In what is being called one of the nation's largest elder fraud schemes, officials said more than 150,000 people in all 50 states were victimized in fraudulent sales schemes conducted by phone. In some instances the schemes went on for as long as 20 years, officials said, and many who paid for the magazines were older individuals, vulnerable and left financially devastated in retirement. Most magazines purchased never even arrived, officials said.
One so-called mega victim lost a total of $60,000 to scammers, who officials said remained the targets of an ongoing probe.
'The thieving greed of fraudsters'
"The thieving greed of fraudsters who target senior citizens knows no bounds,” said Michael Paul, the top FBI official for Minnesota and North and South Dakota.
"Using a tactic like telemarketing magazine sales, these deceitful scam artists bilk hard-earned money from their aging victims,” Paul added.

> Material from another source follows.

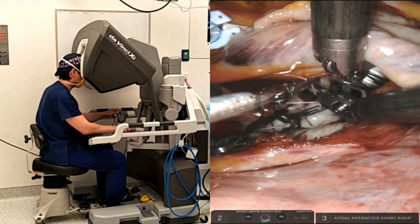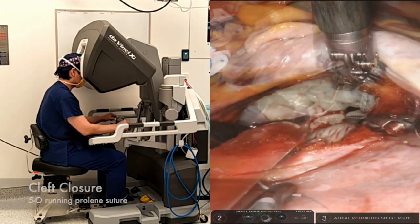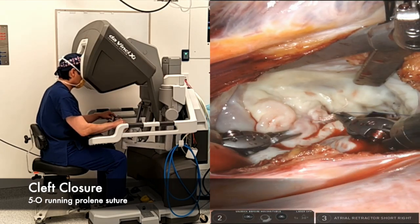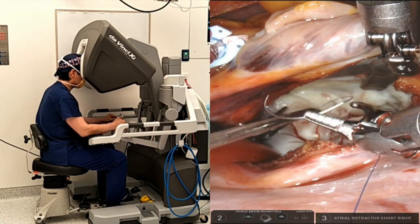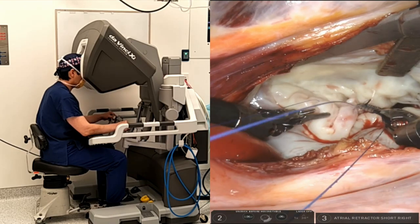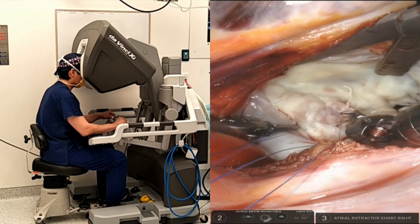In this case, I also decided to close the cleft between the P1 and P2 segments. Because the P1 segment was held down by the calcified subvalvular apparatus and P2 was prolapsing, the cleft was closed with a fine running prolene suture back and forth.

Though glossy magazines have cachet, selling fraudulent subscriptions to them hardly hints at a Hollywood screenplay. Yet the large-scale investigation leading up to three separate indictments — each with multiple defendants — bore the trappings of a TV crime drama: a confidential informant, wiretapped phone calls, FBI stakeouts and undercover federal agents posing as consumers. Law enforcement officials served multiple search warrants and seized computer files, loads of cash and items that included a Breitling watch.